* **Brief**:
Every line of the listing below needs to be reproduced exactly.

▼▼▼

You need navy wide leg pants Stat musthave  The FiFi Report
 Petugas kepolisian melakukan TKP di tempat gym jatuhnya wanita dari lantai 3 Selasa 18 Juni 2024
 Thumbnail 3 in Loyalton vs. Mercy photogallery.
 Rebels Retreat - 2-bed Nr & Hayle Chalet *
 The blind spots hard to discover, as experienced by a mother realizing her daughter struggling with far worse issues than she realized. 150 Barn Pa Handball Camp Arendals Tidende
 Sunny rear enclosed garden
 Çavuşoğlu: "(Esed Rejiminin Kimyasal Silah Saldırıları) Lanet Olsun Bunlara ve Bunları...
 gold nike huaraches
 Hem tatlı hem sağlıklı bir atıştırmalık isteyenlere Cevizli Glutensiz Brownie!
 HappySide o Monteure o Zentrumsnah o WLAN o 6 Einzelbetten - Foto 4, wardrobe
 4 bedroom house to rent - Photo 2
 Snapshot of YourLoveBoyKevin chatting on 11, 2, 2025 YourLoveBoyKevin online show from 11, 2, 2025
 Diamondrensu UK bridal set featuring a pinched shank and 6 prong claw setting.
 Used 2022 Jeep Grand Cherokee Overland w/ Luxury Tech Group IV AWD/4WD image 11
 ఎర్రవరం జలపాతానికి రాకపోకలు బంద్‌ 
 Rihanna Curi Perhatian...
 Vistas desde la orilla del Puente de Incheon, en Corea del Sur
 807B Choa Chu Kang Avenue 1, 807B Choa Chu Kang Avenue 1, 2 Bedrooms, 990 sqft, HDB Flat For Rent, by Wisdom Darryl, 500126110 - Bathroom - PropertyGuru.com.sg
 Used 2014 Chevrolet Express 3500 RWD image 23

▲▲▲

* **Result for this task**:
You need navy wide leg pants Stat musthave  The FiFi Report
 Petugas kepolisian melakukan TKP di tempat gym jatuhnya wanita dari lantai 3 Selasa 18 Juni 2024
 Thumbnail 3 in Loyalton vs. Mercy photogallery.
 Rebels Retreat - 2-bed Nr & Hayle Chalet *
 The blind spots hard to discover, as experienced by a mother realizing her daughter struggling with far worse issues than she realized. 150 Barn Pa Handball Camp Arendals Tidende
 Sunny rear enclosed garden
 Çavuşoğlu: "(Esed Rejiminin Kimyasal Silah Saldırıları) Lanet Olsun Bunlara ve Bunları...
 gold nike huaraches
 Hem tatlı hem sağlıklı bir atıştırmalık isteyenlere Cevizli Glutensiz Brownie!
 HappySide o Monteure o Zentrumsnah o WLAN o 6 Einzelbetten - Foto 4, wardrobe
 4 bedroom house to rent - Photo 2
 Snapshot of YourLoveBoyKevin chatting on 11, 2, 2025 YourLoveBoyKevin online show from 11, 2, 2025
 Diamondrensu UK bridal set featuring a pinched shank and 6 prong claw setting.
 Used 2022 Jeep Grand Cherokee Overland w/ Luxury Tech Group IV AWD/4WD image 11
 ఎర్రవరం జలపాతానికి రాకపోకలు బంద్‌ 
 Rihanna Curi Perhatian...
 Vistas desde la orilla del Puente de Incheon, en Corea del Sur
 807B Choa Chu Kang Avenue 1, 807B Choa Chu Kang Avenue 1, 2 Bedrooms, 990 sqft, HDB Flat For Rent, by Wisdom Darryl, 500126110 - Bathroom - PropertyGuru.com.sg
 Used 2014 Chevrolet Express 3500 RWD image 23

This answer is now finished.